I have saved some objects with shelve. In an other file I was able to restore these objects. But when I copy the archive to an other computer shelve gives me a _gdbm.error: File read error
. The packages which hold the classes of the stored objects are directly accessible on both computers (but they are stored in different locations and added with PYTHONPATH). Both machines run on Ubuntu 13.10, one is 32bit and the other 64bit.
Shouldn't these archives be machine independent?
On the 64bit machine I get
>>> import shelve
>>> shelve.open('arch.db')
Traceback (most recent call last):
File "<stdin>", line 1, in <module>
File "/usr/lib/python3.3/shelve.py", line 232, in open
return DbfilenameShelf(filename, flag, protocol, writeback)
File "/usr/lib/python3.3/shelve.py", line 216, in __init__
Shelf.__init__(self, dbm.open(filename, flag), protocol, writeback)
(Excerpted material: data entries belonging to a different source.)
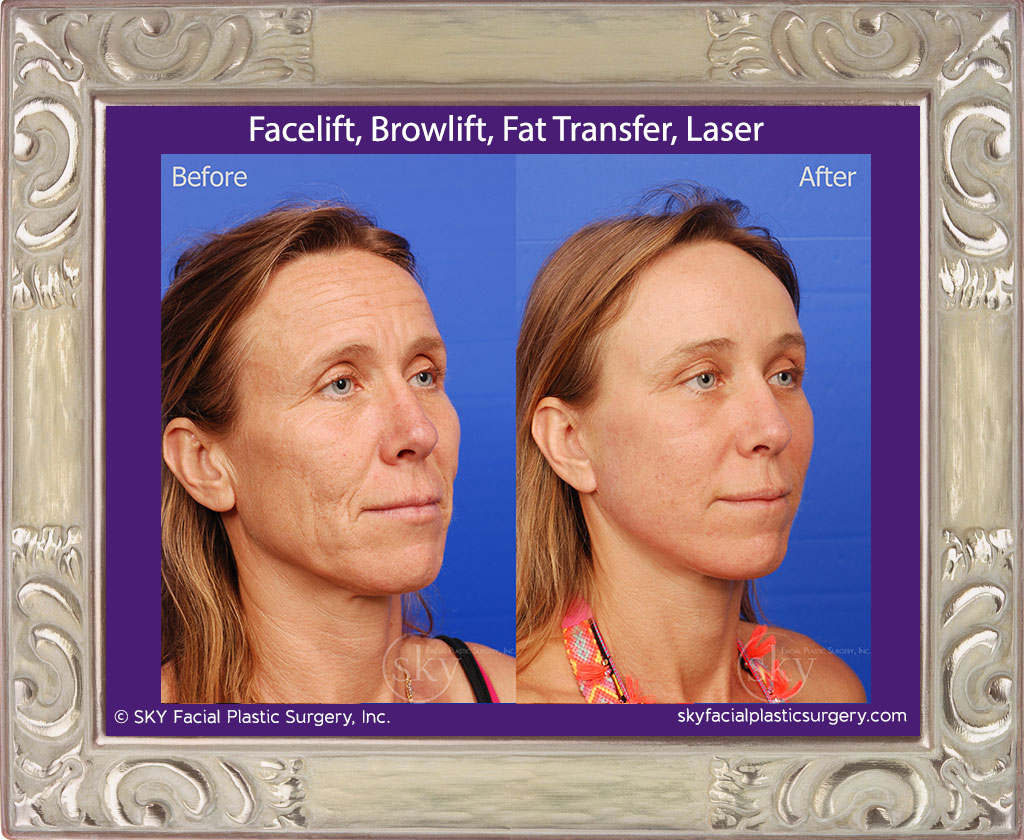 Facelift, Browlift, Fat Transfer, Laser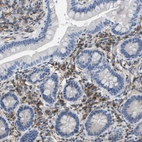 Immunohistochemical staining of human small intestine shows strong cytoplasmic positivity in lymphoid cells.
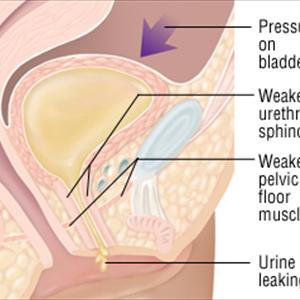 Herbal Treatment For Uti - Easy-To-Follow Tips To Prevent Urinary Tract Infection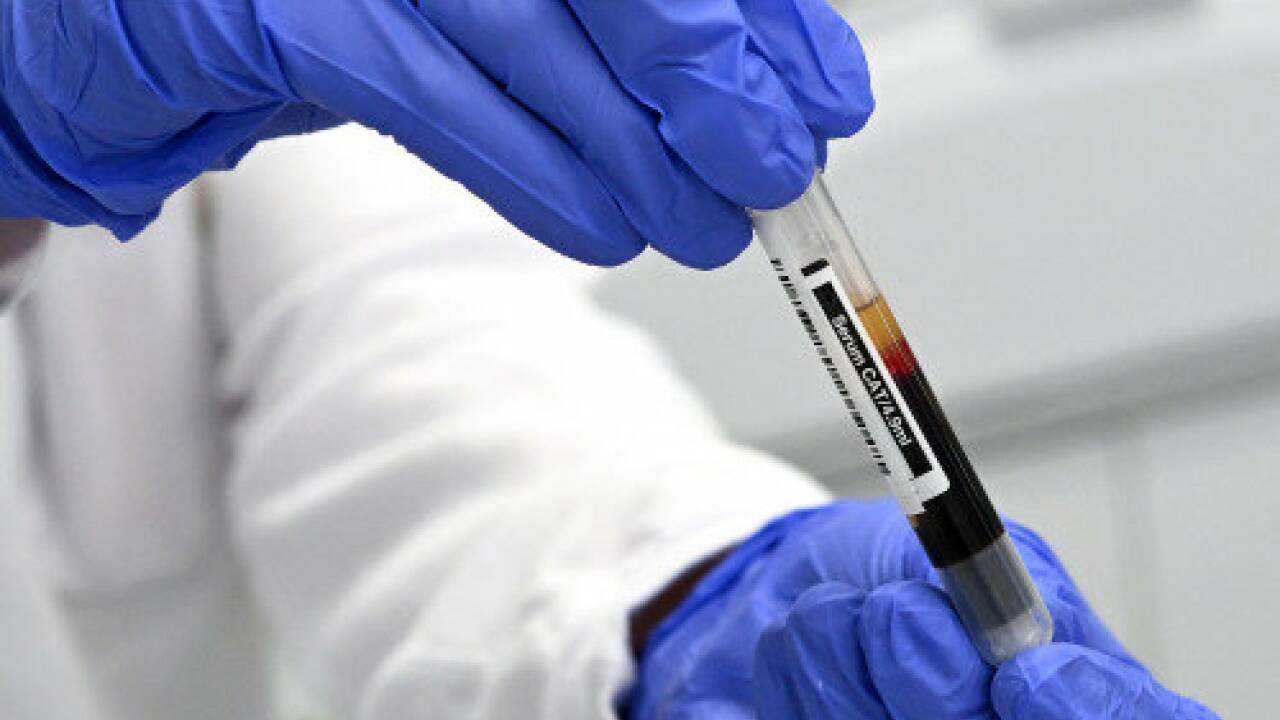 Zürcher Forschende haben ein neues Mittel gegen Eisenmangel entwickelt (Symbolbild). Zürcher Forschende haben ein neues Mittel gegen Eisenmangel entwickelt (Symbolbild).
File "/usr/lib/python3.3/dbm/__init__.py", line 94, in open
return mod.open(file, flag, mode)
_gdbm.error: File read error
and on the 32bit machine it works.
When I create an archive on the 64bit machine, it is openable on the 32bit machine, but the interactive python prompt crashes:
>>> import shelve
>>> s = shelve.open('arch.db')
>>> for i in s.items(): print(i)
...
gdbm fatal: lseek error
I don't even get a traceback.
It is really annoying, I intended to work on both computers, but at the moment I am bound to my slow 32bit eeepc, because I've already saved a lot into the archive.